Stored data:
========

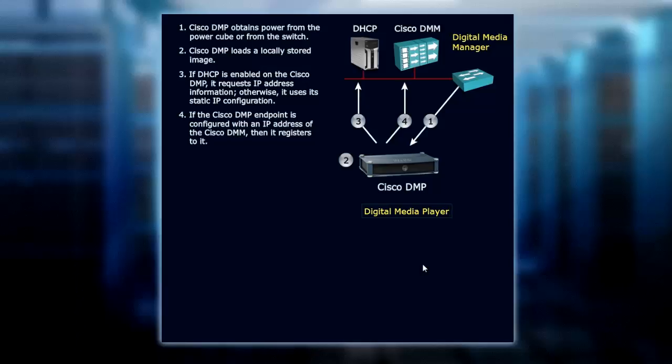Otherwise it uses static. We can do the same thing with a regular phone or the VCS registration. With the DMP, we can either statically configure it or use DHCP.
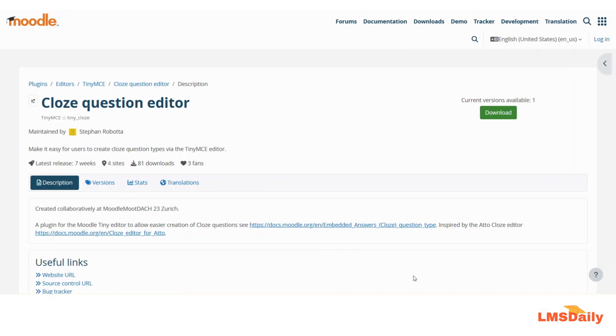Hello friends, welcome back to lmsdaily.com. In today's video we will see about a Moodle plugin which allows you to easily create the closed question types right in your browser.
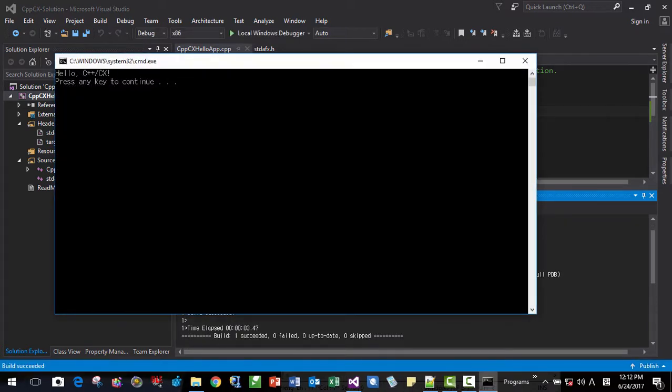Okay. Okay. It is now working. It is our first C++ CX component extension console application.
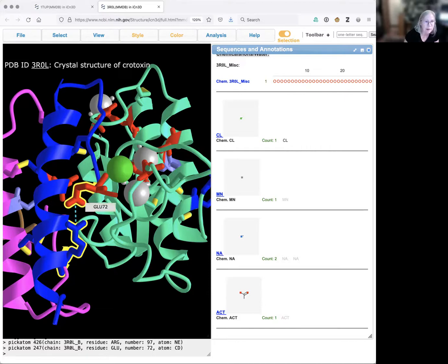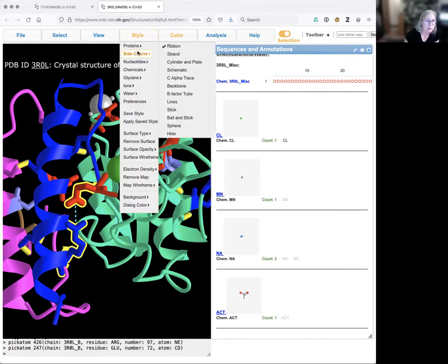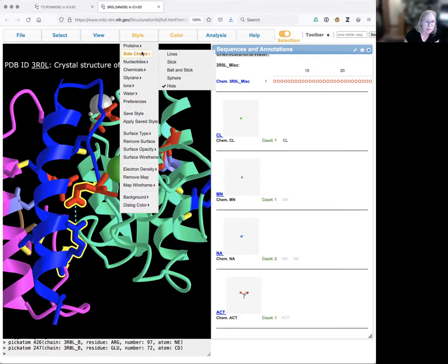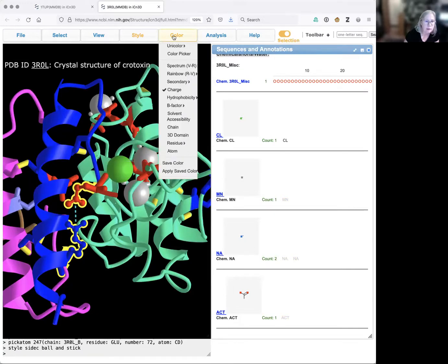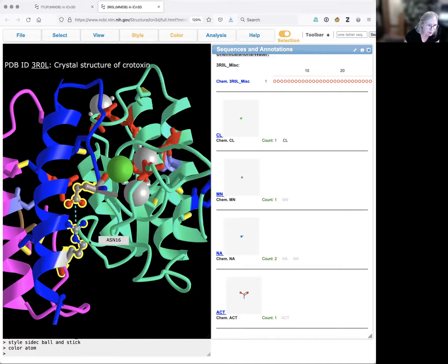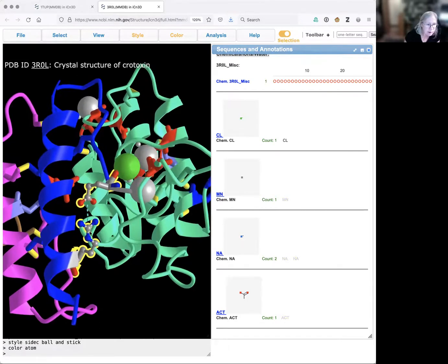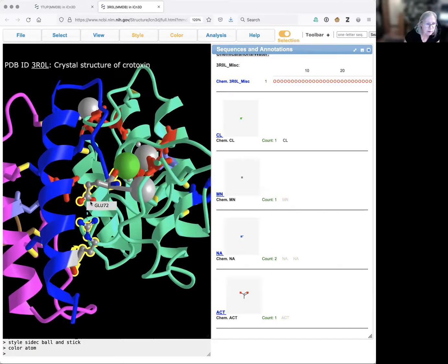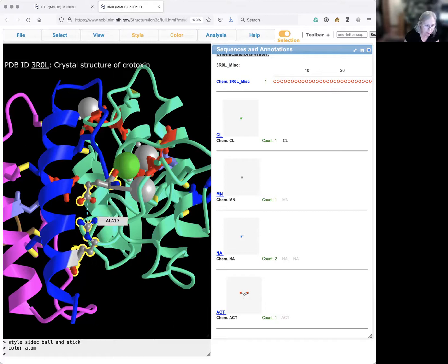To look at these a little bit more, I'm going to change the side chains and make them ball and stick, and I'm going to color this by atom. I can see here that I've got oxygens where there can be a negative charge. It can alternate between these. This is my carboxyl group. And here I've got nitrogens on the arginine.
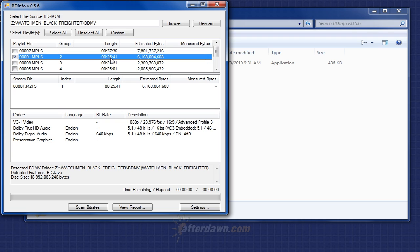Highlight the title you wish to encode in HandBrake, and make a note of the name of the playlist file. You'll need this in the next step, when you actually extract streams based on that playlist.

========

WHAT YOU SHOULD DO: Omit the pictures. Write out exactly the lines from the one containing "Hello friends, welcome" through the last line of the entries, both of them included.

OUTPUT OF THE TASK:
Hello friends, welcome back to lmsdaily.com. In today's video we will see about a Moodle plugin which allows you to easily create the closed question types right in your browser.
Okay. Okay. It is now working. It is our first C++ CX component extension console application.
To look at these a little bit more, I'm going to change the side chains and make them ball and stick, and I'm going to color this by atom. I can see here that I've got oxygens where there can be a negative charge. It can alternate between these. This is my carboxyl group. And here I've got nitrogens on the arginine.
Highlight the title you wish to encode in HandBrake, and make a note of the name of the playlist file. You'll need this in the next step, when you actually extract streams based on that playlist.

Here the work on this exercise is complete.